Michele Mezza. Che prospettive ci sono invece sul dark advertising, ossia quel sistema che indirizza a ogni singolo utente di una comunità messaggi personalizzati con fake news o concatenazioni di notizie anche reali, il cui senso viene deformato dalla mancanza di contesto e contradditorio?

Giovanni Buttarelli. Questa è stata la tecnica più velenosa, anche in Europa. Si tratta di individuare soggetti deboli ed incerti per accelerare ed estremizzare tendenze, giudizi e informazioni che questi manifestavano per poi spingerli a considerazioni radicali ed estreme.

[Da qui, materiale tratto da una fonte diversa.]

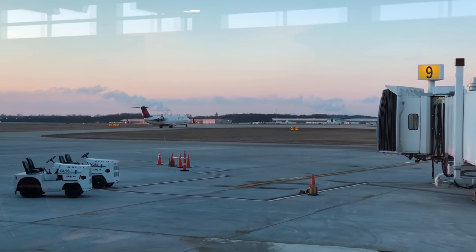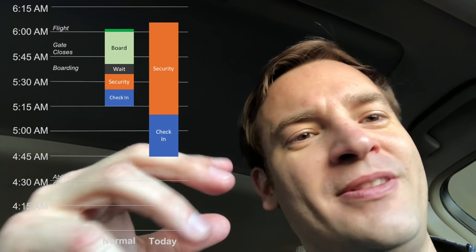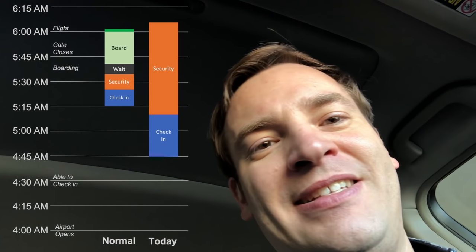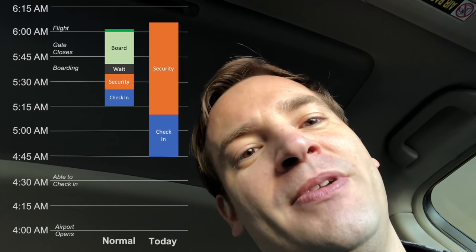There's our plane right there — the door just shut. We just missed it. There goes our plane. Obviously things didn't go well. We showed up to the airport with plenty of time, went through, and they checked us in as a big group, which added a lot more time. About an hour to go through a security line that normally takes 10 minutes, so we did not make it through in time.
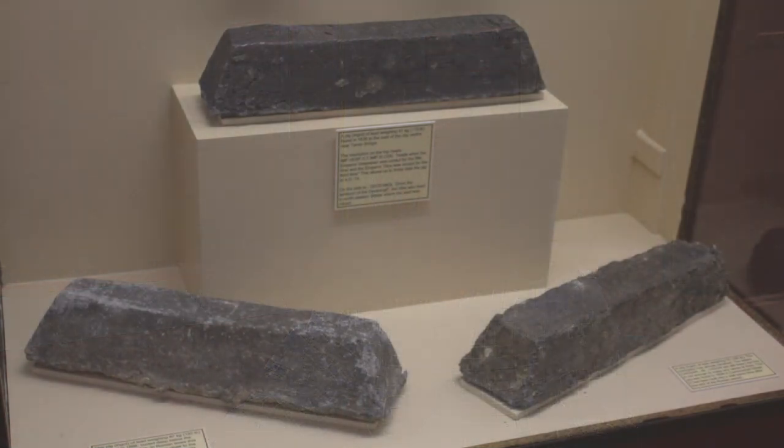Among the most important items in the Roman collections of the Grosvenor Museum are its lead ingots. There are three of these found in or near Chester, and there's a plaster cast of another one found near Holywell and now in the National Museum of Wales, Cardiff. They're unprepossessing objects, but the stories they tell take us to the heart of the way the Roman economy operated and shed light on some of the motives behind the Roman invasion of Britain.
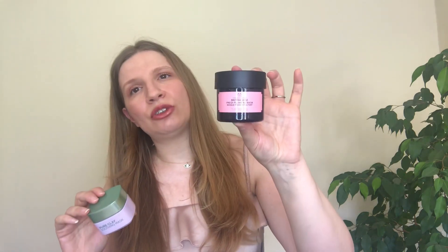I recommend using this mask two to three times a week. What I do is alternate between them — I use one and then after a few days I use the other. They're my favorites at the moment. I love face masks in general, but anyway, that was my review for today. If you enjoyed this, please subscribe to my channel and I'll see you in my next one — bye bye!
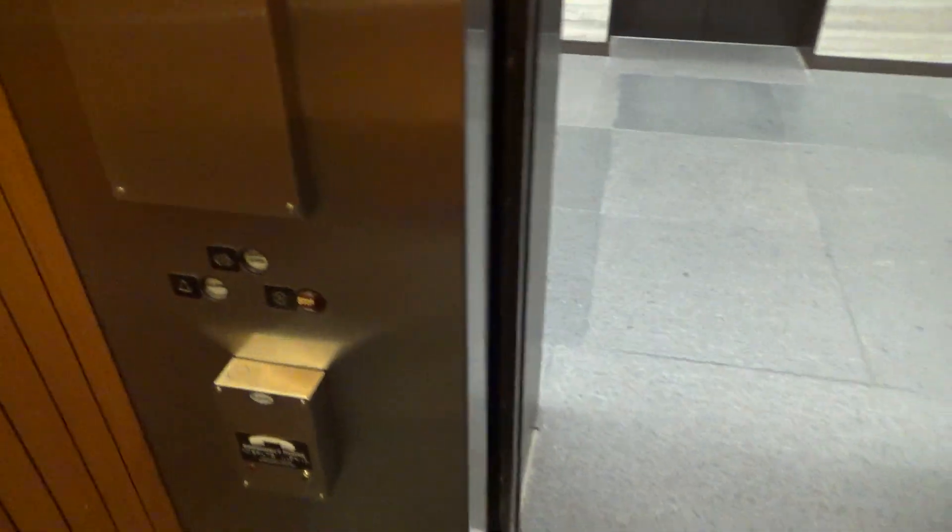This is the high-rise elevators at One Oxford Center. Here we go, up to 45.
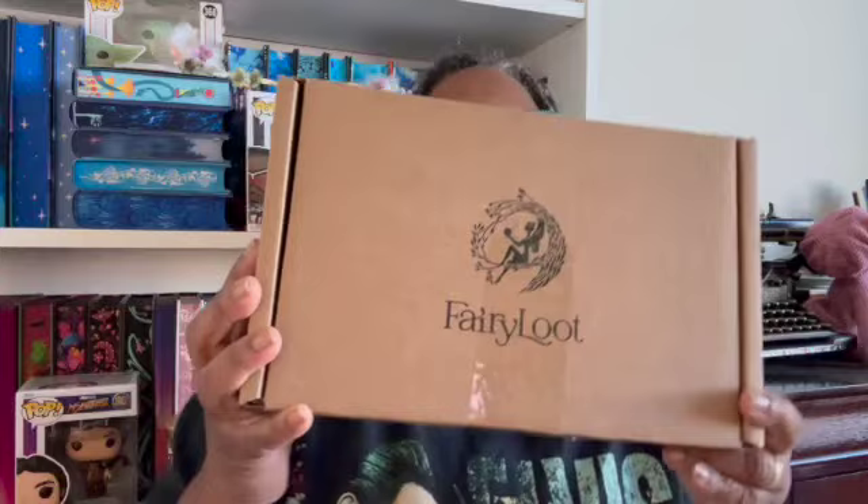Hello everybody, this is D-King Bae, your book granny here with the Fairyloot unboxing. Fairyloot was my favorite subscription box.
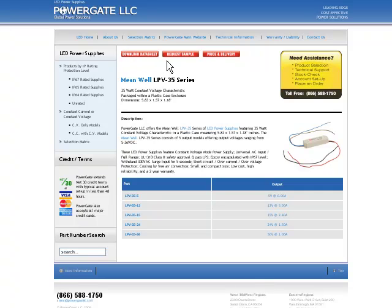From here you can download the data sheet, request a sample, get price and delivery, or simply give us a call to discuss your application in greater detail.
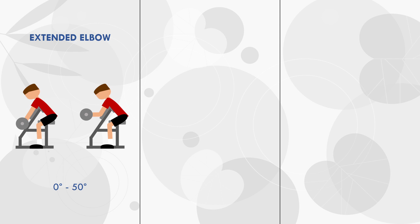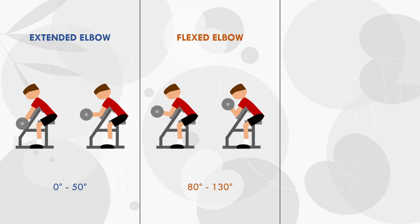In one group, the curls were only performed through 0 to 50 degrees range of motion from the extended elbow position, so the biceps were trained at a lengthened position. In the second group, the curls were only performed through 80 to 130 degrees range of motion, which is the top portion of the exercise, so the biceps were trained at a shorter muscle length compared with the first group.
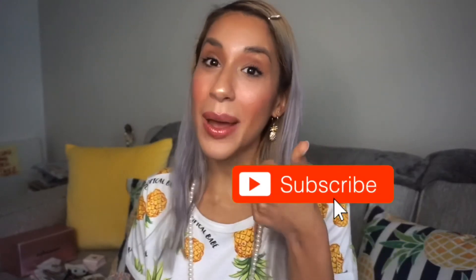Alright you guys, that would be it for today's video. I hope you enjoyed it — if you did, please give it a thumbs up, make sure to subscribe and hit that notification bell so you don't miss the next video. Make sure to enter the giveaway and I'll see you guys on the next one. Bye!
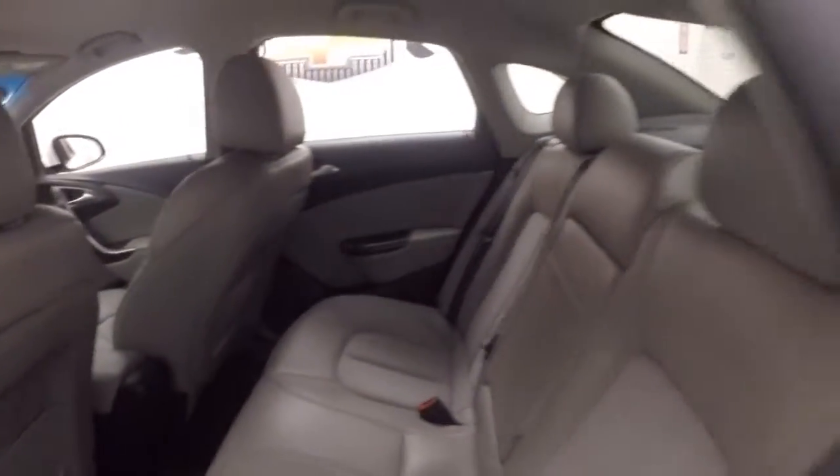Interior's in great shape. Nice gray leather. Front controls on the door, manual seats. Cruise control, Bluetooth, and stereo on the steering wheel.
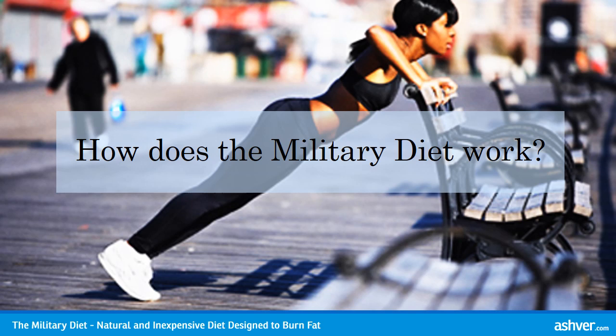How does the Military Diet work? The Military Diet is a 3-day diet program. It consists of a low calorie and carbohydrate intake with a chemically formulated combination of foods that work together to jumpstart your metabolism and force your body to lose weight, which is what makes the diet so successful. You only have to follow the steps in the diet plan for 3 days a week, and that's it.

Questa forma di lavaggio del cervello deve essere illegale, ma per bonificare realmente l’ecosistema ci vuole una piena presa di coscienza da parte dei decisori politici che vedo ancora distratti o estranei alla discussione. Ci stiamo strappando i capelli su spread e PIL e ignoriamo che la sovranità dei nostri voti sia oggi esposta ad azioni di inquinamento e distorsione. La politica deve dirci quale democrazia pretende e come è disposta ad intervenire manifestando le proprie competenze e i propri interessi, per rendere civile e legittimo il consenso che raccoglie. Su questo, come organo di garanzia, siamo pronti a dare supporto tecnico e competenze dirette. Ma non possiamo rimanere soli a combattere con i giganti.